Stacking Liaison and Sorting is going to complicate things, so I'll describe how I'd
do just the liaison/budget piece of it.

I'd have actual liaison values in column B and budget in column C. Column D would
use formulas that insert the minimum of B and C. Column E would contain formulas
that show the minimum of 0 (zero) or C minus B (and therefore it fills from the
actual liaison amount up to the budget, and is a negative variance). Column F has
the minimum of 0 or B minus C (so it shows how much the actual liaison exceeded the
budget). I'd make a stacked column chart with column D in blue, column E in green
(i.e., unspent budget), and column F in red (overspent). I'd leave off the line
series for budget.

The sorting values complicate things. If your liaison actuals were = the budget,
you could simply stack it on top, and there's no misunderstanding. If your liaison
actuals are < budget, do you decrease the sorting values by the amount not spent, so
the total is accurate? How does the reader know that sorting includes this reduced
amount plus the unspent amount?

You can address this by using two charts, one showing just the liaison/budget, as I
described above, then the other showing just the liaison/sorting values.

- Jon
-------
Jon Peltier, Microsoft Excel MVP
Peltier Technical Services
Tutorials and Custom Solutions
http://PeltierTech.com/
_______

wrote:

Preferably, I would like to see the difference displayed
at the top of the bottom half of the stack bar. So
with "Sorting Costs" the top bar and the "Liaison Costs"
as the bottom bar, I would like to see the difference at
the top (or thereabouts) of the "Liaison Costs" bar,
which will be the bottom half of the stack bar.

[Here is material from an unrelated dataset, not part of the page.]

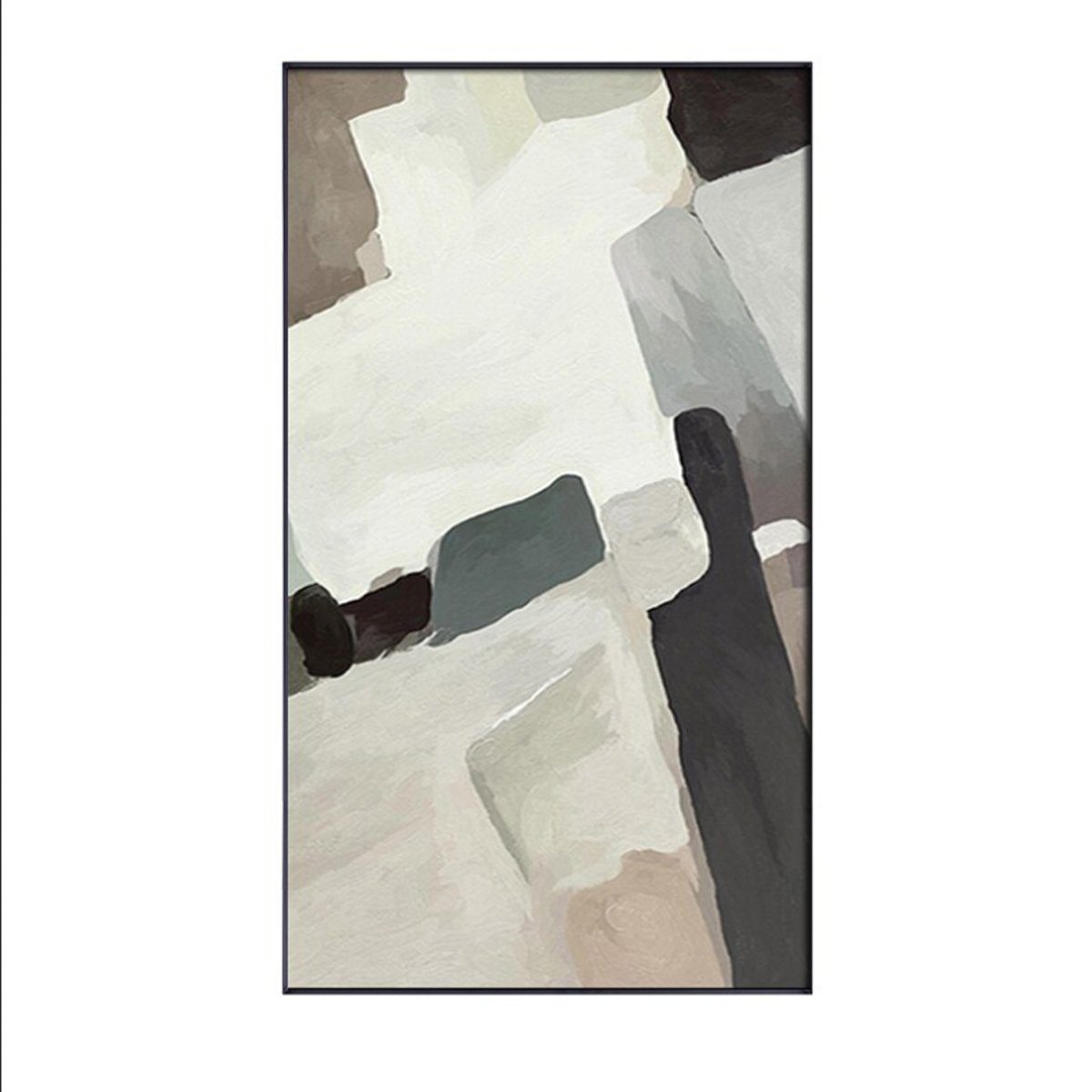 TPFLiving Kunstdruck (OHNE RAHMEN) Poster - Leinwand - Wandbild, Nordic Art  - Abstrakte Motive - Bilder Wohnzimmer - (2 Motive in 4 verschiedenen  Größen zur Auswahl), Farben: Grau, Weiß, Schwarz und Beige - Größe: 30x60cm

Considering that we will be dealing in units of 1000's,
the difference between the budget and actual Liaison
Costs is going to be "mostly" in the "100's", in either
direction. Plotting them as an independent series would
sort of have them "lost" as the numbers would place them
at the bottom of the list. However, if this could have a
separate axis that could be "set" so that the budget
(around 16k) would be around the 0 mark in the difference
series, that could work. Since it would plot the
difference around the baseline of 16k, it would position
the labels at about exactly the area I need it to.

I do know that I can manually just add text boxes and
plug in the values on a monthly basis but if this could
be automated it would make it much more likely to have
less errors from the end user.

Hopefully this isn't too confusing.

Thank you for your reply :)


-----Original Message-----
Do you want to display a Chart Label with the


difference, or another series

that represents the difference?

"Randy Lefferts"


wrote in message

...

This may be difficult to explain but am going to try :)

I need to track "Liaison Costs" and "Sorting Costs" by
month. I also need to compare "Liaison Costs" to a
budget and generate the difference on the chart for the
given month, at the same time displaying a stacked bar
that shows the "Liaison Costs" and "Sorting Costs".

For example:

Jan Feb Mar
Liaison Costs 15,000 16,000 9,000
Sorting Costs 6,000 15,000 11,000

Budget 15,000 15,000 15,000

So now I need to plot the charges for sorting and
liaisons as a stacked bar. I also need to compare the
liaison costs vs the budget and display the difference.

I can display it so that the liaison costs are on the
bottom of the stack bar and then draw a line across the
months to represent the budget of 15000. The part I am
stumped on is whether it would be possible to now


display

the difference along the "line" that represents the
budget (or anywhere else on the chart for that matter).

Is this possible and if so, any direction is most
appreciated!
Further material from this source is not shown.